Separati, ma come? A ovest dello Stato di Israele circa due milioni di palestinesi, almeno fino al 10 ottobre scorso, hanno vissuto bloccati all’interno di una striscia di terra e sabbia un tempo di proprietà egiziana ma che oggi nessuno vuole ma dalla quale nessuno può uscire. A est, in un territorio per il quale non si è d’accordo neppure sul nome da attribuirgli, ne vivono altri tre milioni. Sono quelli della Cisgiordania o se preferite dei Territori Arabi Occupati o delle province di Giudea e Samaria. Oltre questi luoghi di collera e lacrime, come li avrebbe definiti Whitman, altri sei milioni di palestinesi vivono sparsi in tutti i paesi arabi; settecentomila nel resto del mondo. Per Tel Aviv da anni questi numeri significano “Hannibal ad portas” ma ora, dopo l’attacco del 7 ottobre Israele non può più permettersi di considerare i palestinesi come un semplice problema interno, una minoranza rissosa da tenere a bada con il filo spinato. Deve guardare a loro come a un Nemico con la maiuscola. Già perché le modalità con cui è stato pianificato, organizzato e condotto l’attacco di Hamas ad Israele del 7 ottobre scorso e soprattutto l’accanita ed efficacie resistenza che tutt’ora oppone all’operazione “spade di ferro” raccontano di un popolo palestinese che si sente pronto ad affrontare il suo nemico in campo aperto e senza appoggi diretti. E’ senz’altro questa la sorpresa maggiore che quest’ultima guerra ha posto sotto gli occhi di tutti. I palestinesi combattono e lo fanno a lungo, in modo organizzato e senza giovarsi dell’aiuto di qualche paese amico. Dall’altra parte Israele risponde con una ferocia inaudita, la stessa che si riserva a un nemico mortale al quale non si è disposti a cedere neppure un centimetro di terra. Si capisce che per un paese grande poco più dell’Emilia-Romagna consegnare anche un solo metro quadrato di terra significa fare il primo passo verso la propria distruzione.

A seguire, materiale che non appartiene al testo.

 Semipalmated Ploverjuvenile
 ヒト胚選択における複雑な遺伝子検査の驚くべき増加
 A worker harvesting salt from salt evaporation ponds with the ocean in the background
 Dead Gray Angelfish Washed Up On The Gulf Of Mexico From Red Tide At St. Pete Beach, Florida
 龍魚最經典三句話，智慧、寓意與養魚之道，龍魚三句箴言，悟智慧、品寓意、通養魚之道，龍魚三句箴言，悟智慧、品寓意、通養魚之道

Israele sa benissimo infatti di non avere profondità strategica, vale a dire la possibilità, in caso di conflitto, di cedere spazio in cambio di tempo. Ogni battaglia, che sia contro uno degli stati vicini o contro un gruppo interno militarmente organizzato, è sempre quella decisiva. Ad allontanare questo pericolo ci avevano provato vent’anni fa i cosiddetti Accordi di Oslo. A firmarli, sotto lo sguardo sorridente e inconsapevole del presidente americano Bill Clinton, erano stati nel 1993 l’allora premier israeliano Itzak Rabin e il capo dell’Organizzazione per la Liberazione della Palestina (OLP), Yasser Arafat. Per quella firma Rabin nel 1994 aveva ricevuto il premio Nobel per la Pace e l’anno dopo due colpi di pistola alla schiena. Arafat era stato più fortunato; dopo il Nobel aveva tirato avanti altri dieci anni. Gli accordi di Oslo, sebbene siano ancora formalmente in vita, erano però apparsi subito gracilini.

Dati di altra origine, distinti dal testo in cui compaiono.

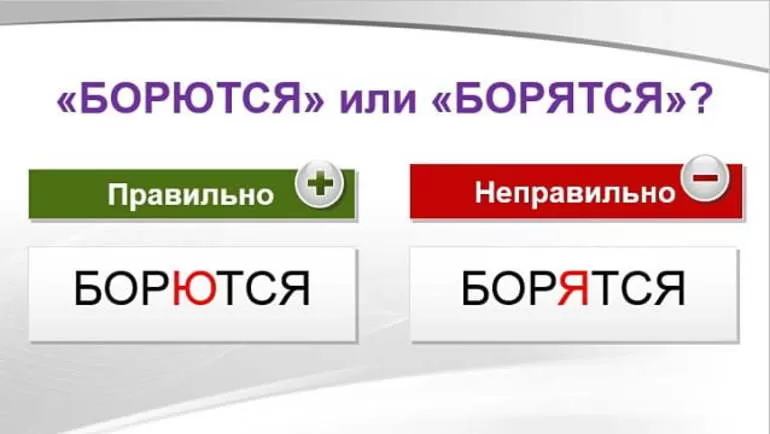 Глагол борются или борятся, морфемы, синонимы и спряжение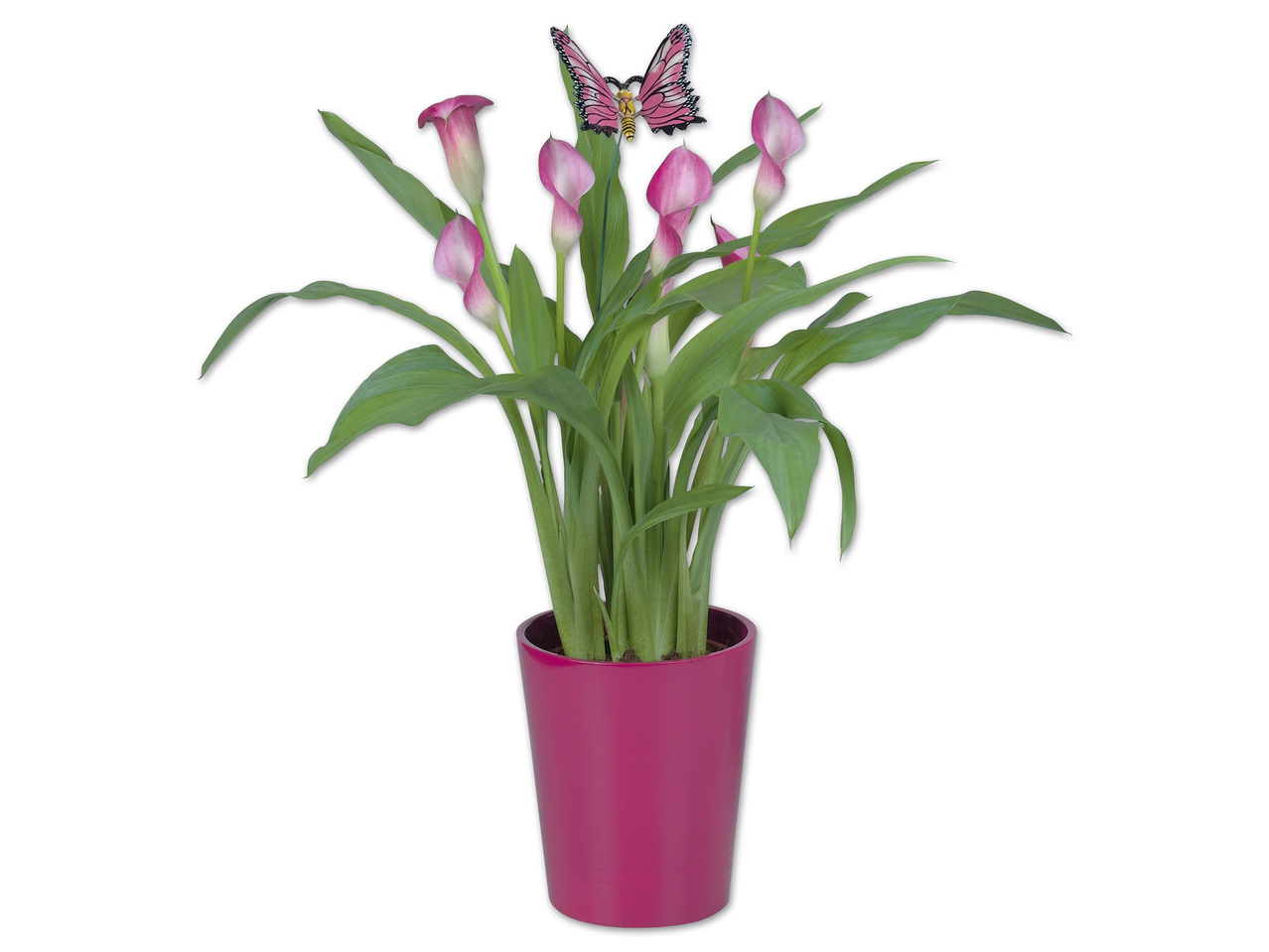 Calla im Keramikübertopf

Alla fine, israeliani e palestinesi erano stati spinti a mettersi d’accordo per dividere la Cisgiordania in tre zone: la zona A sotto il pieno controllo dell’Autorità Nazionale Palestinese; la zona B sotto amministrazione civile palestinese ma controllo militare israeliano e infine la zona C sotto pieno controllo israeliano. Bastava però dare un’occhiata alle percentuali di ciascuna delle zone per capire che qualcosa non andava. La zona A – quella sotto il completo controllo palestinese – corrispondeva più o meno al 17% della Cisgiordania; quella B, amministrata dall’ANP ma controllata militarmente da Israele arrivava al 24%, mentre la zona C, quella sotto completo controllo israeliano si mangiava il restante 59%.

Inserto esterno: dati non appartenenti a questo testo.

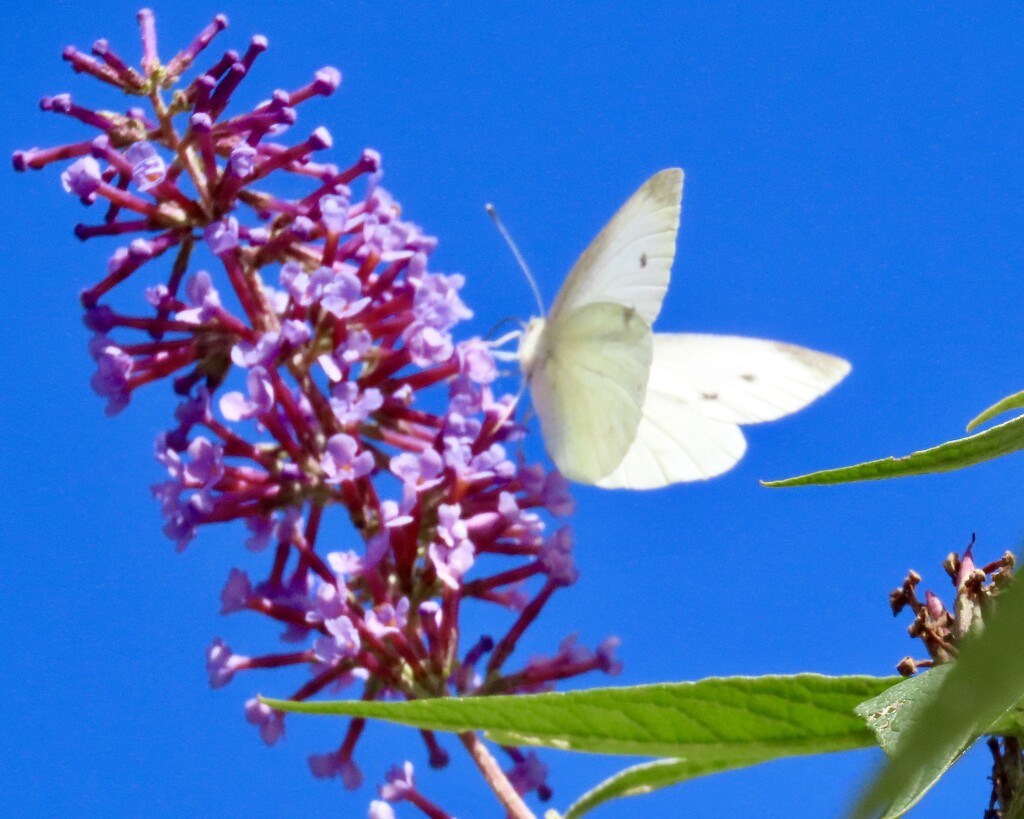 A white butterfly visitor  by orchid99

E poi c’era Gaza, una striscia lunga quarantuno chilometri e larga dodici nel suo punto più largo. Uno scatolone di sabbia color senape incastrato tra il Mediterraneo e il Sinai dove Israele aveva sistemato due milioni e mezzo di palestinesi, prima sotto controllo da un consistente presidio militare, poi, dal 2005 da soli. Tutto intorno una recinzione di reti, sensori e torrette automatizzate percorsa ogni giorno dalle pattuglie dell’esercito. Per i movimenti legali di uomini e mezzi erano sette i valichi di frontiera ufficiali: sei con Israele e uno con l’Egitto. Il resto dei movimenti, legali e illegali, avveniva sottoterra, sfruttando un dedalo di gallerie esteso quasi quanto la metropolitana di Londra.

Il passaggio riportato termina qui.